Emily the entrepreneur has a cool business idea: packaging and selling snowflakes. She has devised a machine that captures snowflakes as they fall, and serializes them into a stream of snowflakes that flow, one by one, into a package. Once the package is full, it is closed and shipped to be sold.

The marketing motto for the company is "bags of uniqueness." To live up to the motto, every snowflake in a package must be different from the others. Unfortunately, this is easier said than done, because in reality, many of the snowflakes flowing through the machine are identical. Emily would like to know the size of the largest possible package of unique snowflakes that can be created. The machine can start filling the package at any time, but once it starts, all snowflakes flowing from the machine must go into the package until the package is completed and sealed.

## Input

The first line of input contains one integer specifying the number of test cases to follow. Each test case begins with a line containing an integer $n$, the number of snowflakes processed by the machine. The following $n$ lines each contain an integer (in the range 0 to $10^9$, inclusive) uniquely identifying a snowflake.

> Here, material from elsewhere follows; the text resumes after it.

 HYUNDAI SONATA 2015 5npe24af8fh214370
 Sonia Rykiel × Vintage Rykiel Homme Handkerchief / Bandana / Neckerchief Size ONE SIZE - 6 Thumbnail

Two snowflakes are identified by the same integer if and only if they are identical. The input will contain no more than one million total snowflakes.

## Output

For each test case output a line containing single integer, the maximum number of unique snowflakes that can be in a package – the length of the longest contiguous segment of unique snowflakes.

Sample Input 1 | Sample Output 1 |
---|---|

1 5 1 2 3 2 1 |
3 |